Two years ago, the company took the wraps off the Aston Martin RapidE Concept. Although details were in short supply, teasing seeds about its potential had already been sown, including the possibility of an 800 horsepower drivetrain to take the electric fight to Tesla’s most powerful models.
That was followed by news of a partnership with Faraday Future, a topic which has effectively gone silent since. Chatter around the ambitious EV startup has been increasingly negative, with reports that its powerful, autonomous-ready vehicles may not meet Faraday’s production targets.

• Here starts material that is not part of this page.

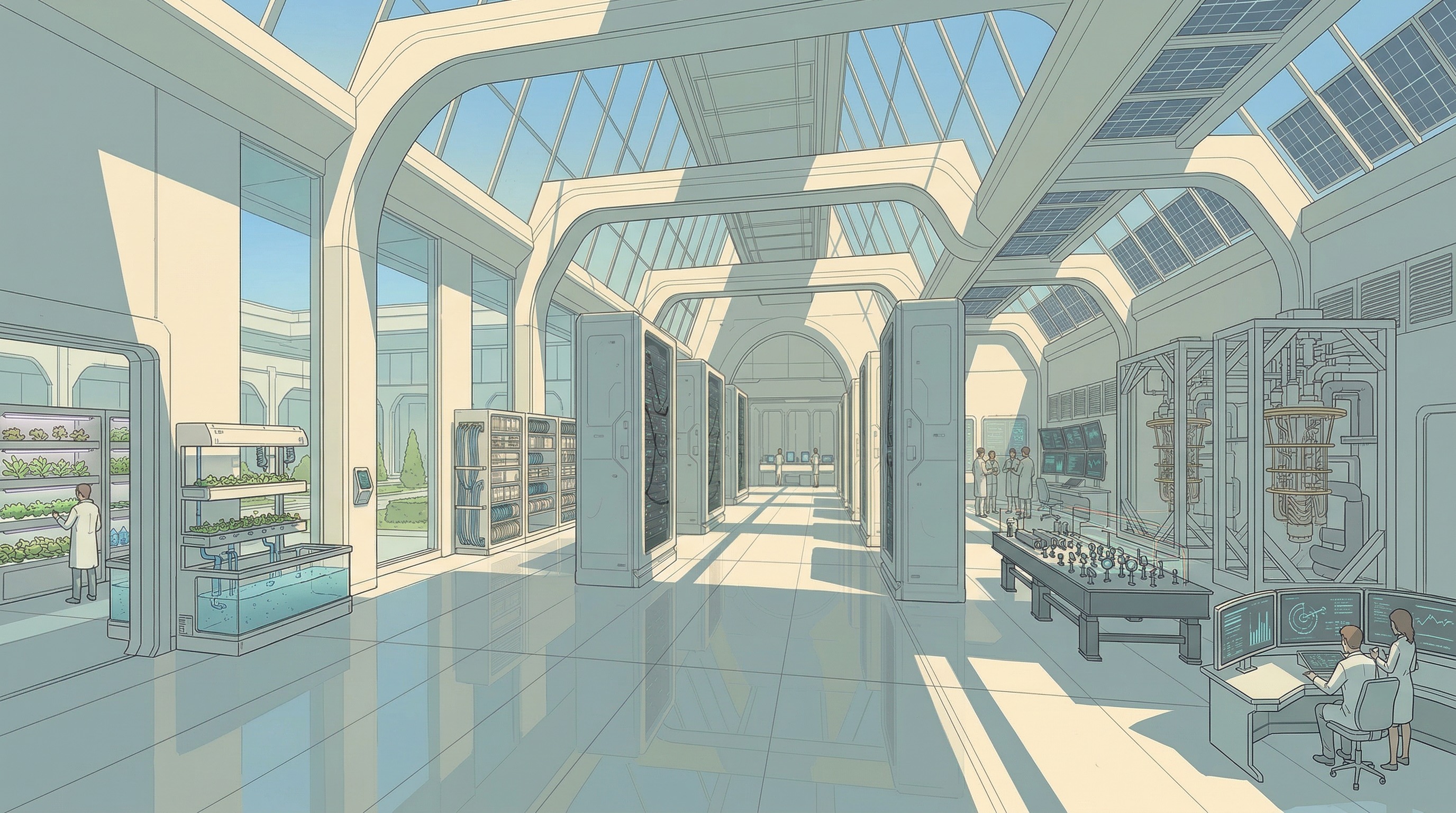 OneSixOne - Scaling AI Infrastructure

Instead, it’ll be UK-based Williams Advanced Engineering that will be making the RapidE a reality. Based on the Rapide AMR, the hotter gas version of the four-door that will spearhead the new Aston Martin Racing-derived subbrand, it’ll switch the regular car’s six-liter V12 engine for an all-electric version. No specs on that yet, but the automaker points out that “the instantaneous delivery characteristics of electric motors means the RapidE will offer a unique driving experience of a kind not experienced before in an Aston Martin.”
“RapidE represents a sustainable future in which Aston Martin’s values of seductive style and supreme performance don’t merely co-exist alongside a new zero-emission powertrain, but are enhanced by it,” Dr Andy Palmer, company president and CEO, said of the car. He also had some reassurance for those concerned that Aston might be abandoning gas engines altogether. “The internal combustion engine has been at the heart of Aston Martin for more than a century,” Palmer insists, “and will continue to be for years to come.”
It’s not the first automaker to look to electrification for its power advantages more than its green credentials, of course. Porsche, for instance, is working on its own electric four-door, the Porsche Mission E, first shown off in concept form in 2015, before being unexpectedly green-lit for production. Like Aston Martin’s RapidE, though, the Mission E isn’t expected to show up for sale until around the end of the decade.